The Fitzwilliam acquired its first pieces of Italian maiolica with the bequest of Charles Brinsley Marlay in 1912. Important additions came with the donation of Alfred Aaron de Pass in 1933 (Cockerell stayed with him in Cornwall and brought back two suitcases full of artworks, sending an assistant to pack the rest) and from the bequest of the Rt. Hon. Frederick Leverton Harris in 1926, which represented the entire development of Italian maiolica.
Among the first loans Cockerell brought to the Fitzwilliam were the ceramics of Dr James Whitbread Lee Glaisher, a leading mathematician and astronomer, a Fellow of Trinity College and a distinguished collector of European pottery.

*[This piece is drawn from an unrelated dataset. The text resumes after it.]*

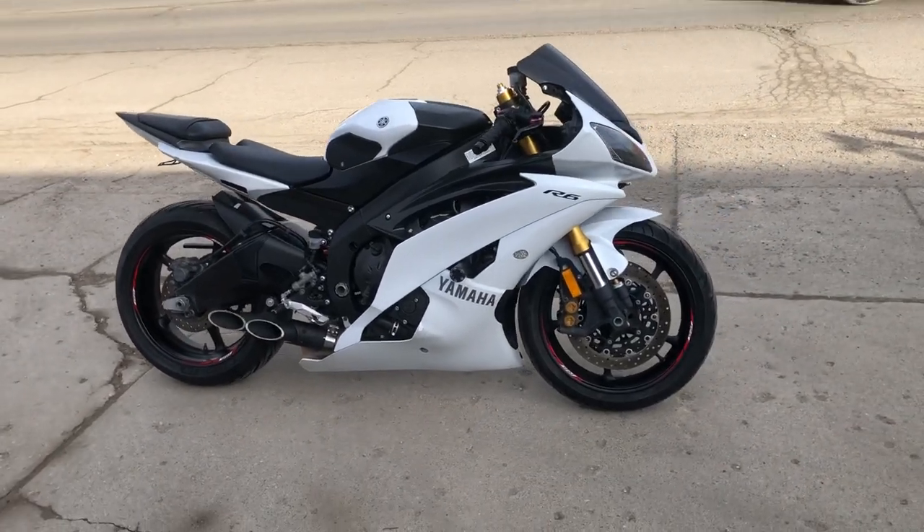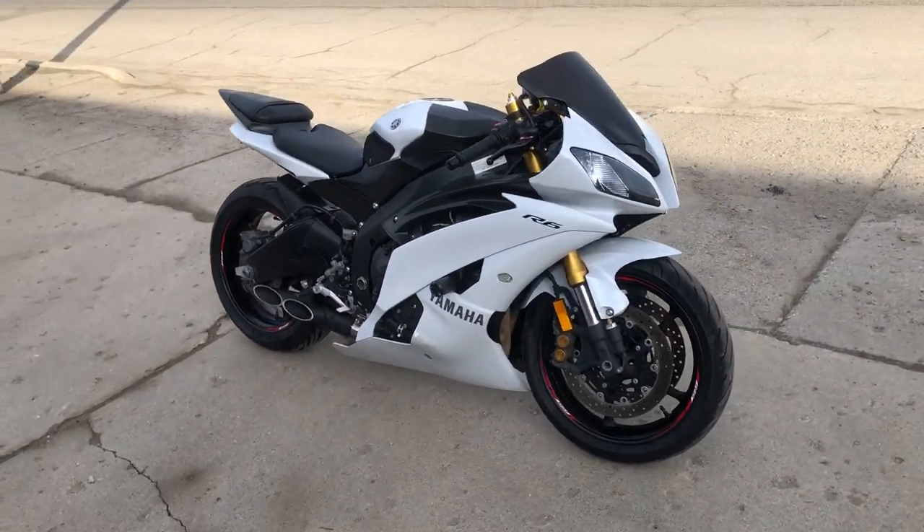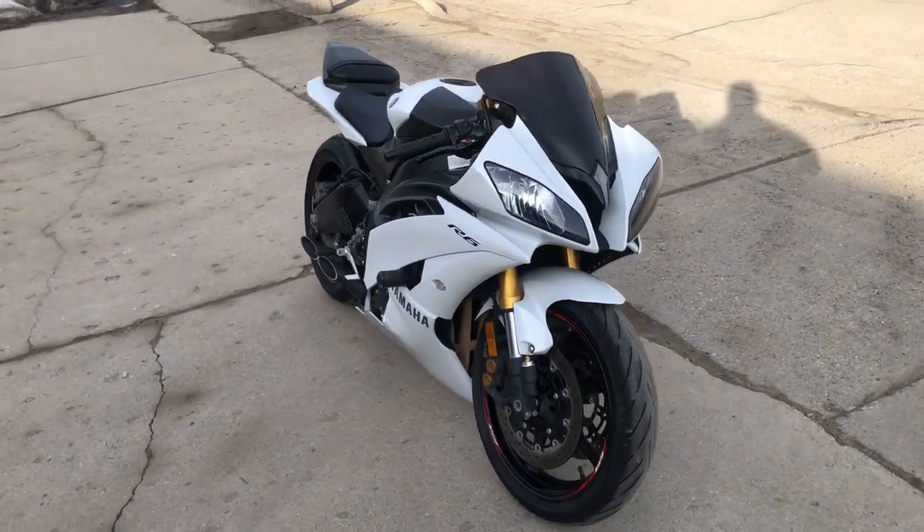Hi guys, it's Approval Power Sports, and we're back with another used Yamaha R6 for sale with over $1,200 in extras.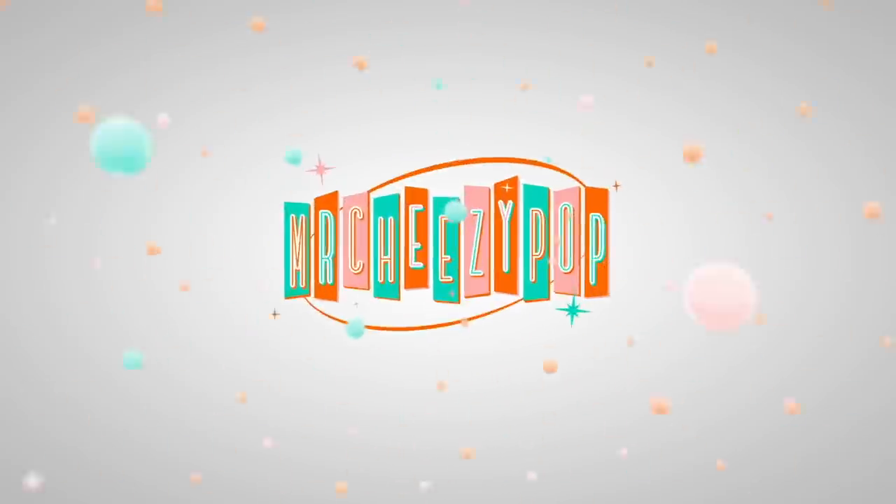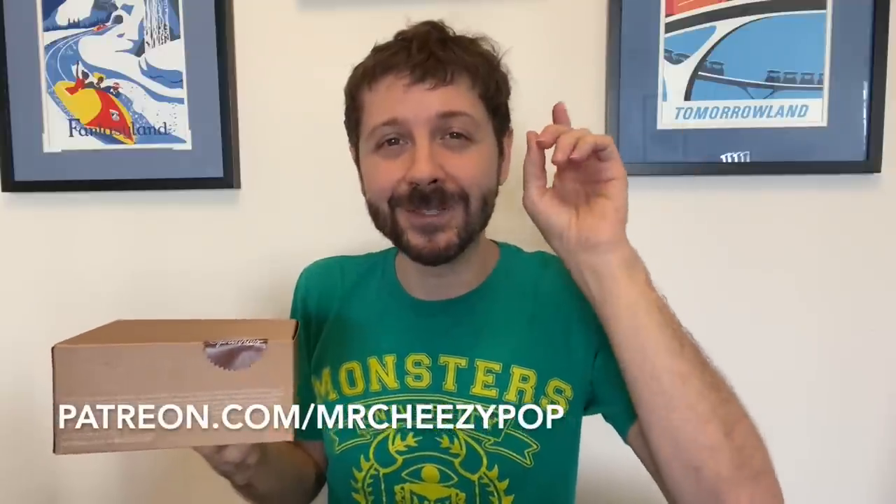Well, look what just showed up at my door — Mr. Cheesy Pop! Hey everyone, it's Max, and yeah, I got some sprinkles. But not just any old sprinkles. Let me take a seat and explain what we're doing today. If you'd like to find out how you can sponsor a video, go check out my Patreon page: patreon.com/MrCheesyPop.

One of Cockerell’s staunchest supporters on the Syndicate, Dr Glaisher became Honorary Keeper of Ceramics in 1916 and upon his death in 1928 the Fitzwilliam acquired his extensive collection of English and continental pottery.
One of the most magnificent bequests in Cockerell’s time was announced in August 1937, just as he was about to retire. Leonard Daneham Cunliffe left to the Fitzwilliam a collection whose breadth and splendour enriched almost every department. It ranged from ancient and Renaissance bronzes, paintings, drawings, prints and portrait miniatures to enamels, furniture, textiles, pottery and metal plate, including an exquisite Nautilus shell cup made in London c.1585-1586. Cunliffe’s treasures provided a grand finale to Cockerell’s Directorship.
‘A very important bequest has come to the Fitzwilliam,’ he wrote in September 1937, ‘just in time to be included in my spoils.’